Marre de sauver le monde

Ola amigos,

L’UE a pondu de nouvelles réglementations en cas de faillite du système bancaire, ce qui implique de modifier quelques règles. Et ce magnifique projet a été confié à ….. Vous l’avez deviné… non ? Vous êtes cons ou quoi ? A moi, pardi.

Projet de portée internationale donc. Bref, du très lourd, avec obligation de fournir des résultats pour hier sous peine de sanctions financières de plusieurs milliards d’euros. Autant dire que la pression sur mes épaules est immense et je suis audité quotidiennement par le board pour connaître l’avancée de mes travaux. Si j’échoue, c’est indéniablement une tache noire sur mon impressionnant CV, et des portes qui se fermeront alors que jusqu’ici ma progression était fulgurante.
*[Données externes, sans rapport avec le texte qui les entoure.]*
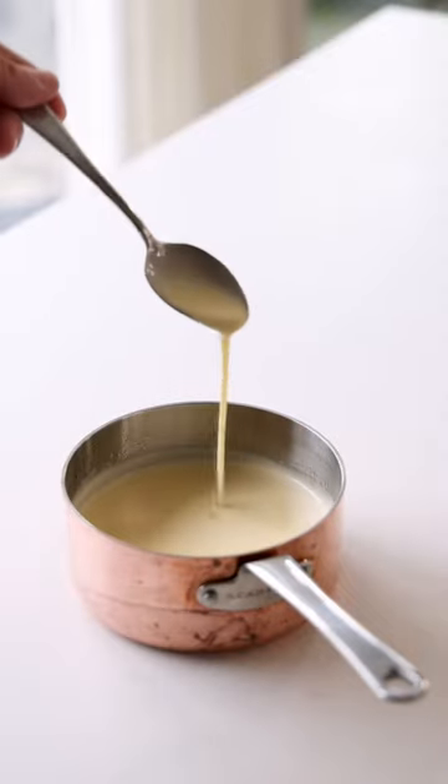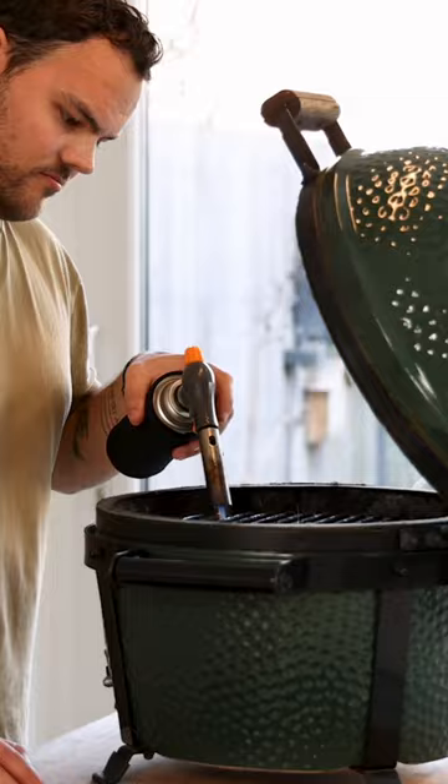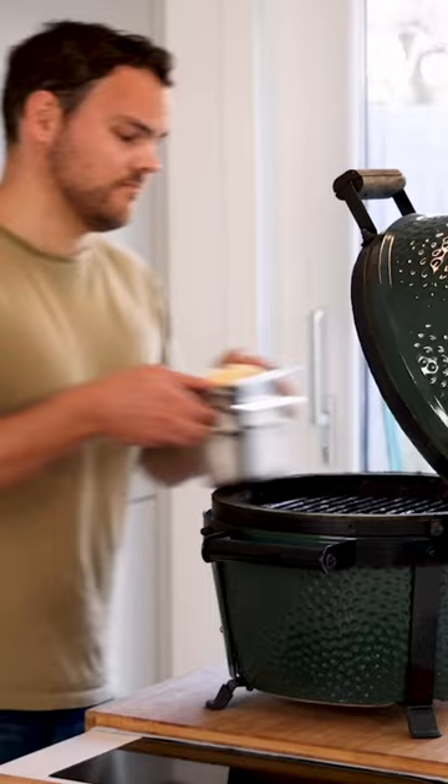Let's make a smoked beurre blanc. Cut 250 grams of butter into small cubes. Transfer them into a metal container and place it on another container filled with ice. Now add some smoked chips to a barbecue and let the butter smoke on a low heat for one hour.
Si je réussis, c’est une augmentation à 3 chiffres, des primes indécentes et probablement de nombreuses partenaires sexuelles qui voudront découvrir celui qui a sauvé le système financier international.

Vous pouvez aisément deviner la charge de travail que je produis actuellement, et le stress généré. Le tout en respectant les règles ubuesques du code du travail qui font que je suis obligé de respecter 11 heures de repos entre deux journées. Je ne comprends pas non plus qu’on m’impose 44 heures maximales par semaine, alors qu’une bête de compétition comme moi, quand elle est lancée, peut facilement travailler 28 ou 29 heures par jour.

C’est donc tout naturellement que je n’ai pas signé la pétition contre la Loi El Macrony. Alors que des millions de petits épargnants attendent que je modifie les règles de cession d’actifs sur multiplexage de contrats obligataires, des ponctionnaires et autres syndicalistes malfaisants veulent m’entraver avec leurs règles contraignantes. Il faut flexibiliser tout ça. Que celui qui veut sauver le monde puisse le faire librement.

Hier, j’étais donc de repos forcé chez moi, 11 heures à attendre pour retrouver mon bureau et mon passionnant projet. Du coup, j’étais contraint de regarder mes jardinières pour constater que mes petits semis commençaient à sortir de terre. Et là, j’ai eu un petit frisson extatique, j’étais heureux. C’est un sentiment étrange, je ne cuisine quasiment pas, et pourtant, je trouvais merveilleux de voir mon persil sortir de terre. Je réalisais alors que mon projet informatique à la con, ne me procurait pas le quart de la moitié du petit orgasme de la découverte de trois petites pousses de persil. Ce fut une révélation, c’est comparable à un vicomte vendéen qui il achète une bague ayant appartenu à Jeanne d’Arc contre 300 000 euros, j’étais enfin fier d’une de mes réalisations.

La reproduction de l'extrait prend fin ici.